Patent Trolls by William J. Watkins, Jr

Patent Trolls: Predatory Litigation and the Smothering of Innovation - William J. Watkins Jr.

“Patent Trolls” starts by giving a brief introduction to the history of patents on intellectual property, focusing on the reason they were created: to protect inventors and promote innovation and work that benefits society. In order to encourage innovators, patents were created to give them a temporary monopoly, allowing them to commercialise their creations, recover their investments and reap the benefits, which in turn would allow them to cover for all the time and resources spent on research that did not turn out a commercially viable product.

It is a good idea and a noble cause, but of course, some companies found a way to rig the system and take advantage of innovators. These so-called patent trolls buy sketchy and suspiciously general patents (which, in most cases, should never have been granted in the first place) and sit on them, waiting for productive companies to unknowingly use something that could be interpreted as infringing said rights… And then sue. To make sure nobody can touch them, they favour juries that are mostly uneducated about the subject and thus easily manipulated. The favoured place for plaintiffs in the US is the Eastern District of Texas, where the trolls effortlessly enjoy successes in the form of millions and millions of dollars.

The tone of the writing is rather inflammatory, but I believe it’s warranted. The examples singled out by the book are appalling.
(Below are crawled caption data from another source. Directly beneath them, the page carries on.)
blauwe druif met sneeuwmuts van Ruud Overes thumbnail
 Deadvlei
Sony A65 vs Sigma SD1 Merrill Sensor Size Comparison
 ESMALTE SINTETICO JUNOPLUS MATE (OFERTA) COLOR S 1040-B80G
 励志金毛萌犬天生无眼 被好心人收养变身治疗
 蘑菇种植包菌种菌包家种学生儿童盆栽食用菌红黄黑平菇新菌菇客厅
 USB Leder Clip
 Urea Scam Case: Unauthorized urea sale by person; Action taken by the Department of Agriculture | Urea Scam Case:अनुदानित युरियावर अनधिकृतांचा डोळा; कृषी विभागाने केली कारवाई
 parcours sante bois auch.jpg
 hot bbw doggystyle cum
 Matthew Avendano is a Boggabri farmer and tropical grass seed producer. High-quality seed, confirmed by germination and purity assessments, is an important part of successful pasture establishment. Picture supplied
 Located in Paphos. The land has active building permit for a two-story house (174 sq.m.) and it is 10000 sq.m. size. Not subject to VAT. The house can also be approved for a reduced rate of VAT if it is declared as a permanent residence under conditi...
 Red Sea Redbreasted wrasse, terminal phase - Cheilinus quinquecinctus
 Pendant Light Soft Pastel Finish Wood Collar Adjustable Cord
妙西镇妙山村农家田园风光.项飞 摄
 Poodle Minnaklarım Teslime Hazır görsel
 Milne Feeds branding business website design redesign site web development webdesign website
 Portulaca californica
They are focused on the software and technology industries because that’s what most patent trolls prefer, a consequence of the large amounts of profits to be made in those industries. The legal meanderings involved in these cases are, as expected, confusing and counter-intuitive. The amounts involved are staggering. Somehow, it feels like the current system has been built completely in favour of patent trolls, under the pretence of encouraging innovation. Of course, patent trolls, who don’t contribute anything to society, want everyone else to keep innovating and producing… So they can swoop in and extort money like financial free-loaders. It’s a complete travesty of what patents were created for, and utterly disrespectful to the creators who actually work towards contributing something to society.

The book includes many sensible recommendations for how this problem can be solved, or at least mitigated. The European Union is presented as an example of how to do things (although we are not completely free from these kinds of litigations). Other solutions include specialised juries and shorter patent terms depending on each industry’s particularities.

The author does his best to convey the facts in an interesting and easy-to-read way, but the book is still on the dry side, and personally, legalese is hard for me to understand in my own language, let alone in a foreign language. So I would encourage you to read this if you are interested in the topic, but only if you are prepared for a relatively hard read. 


Note: I got this book for review purposes through NetGalley.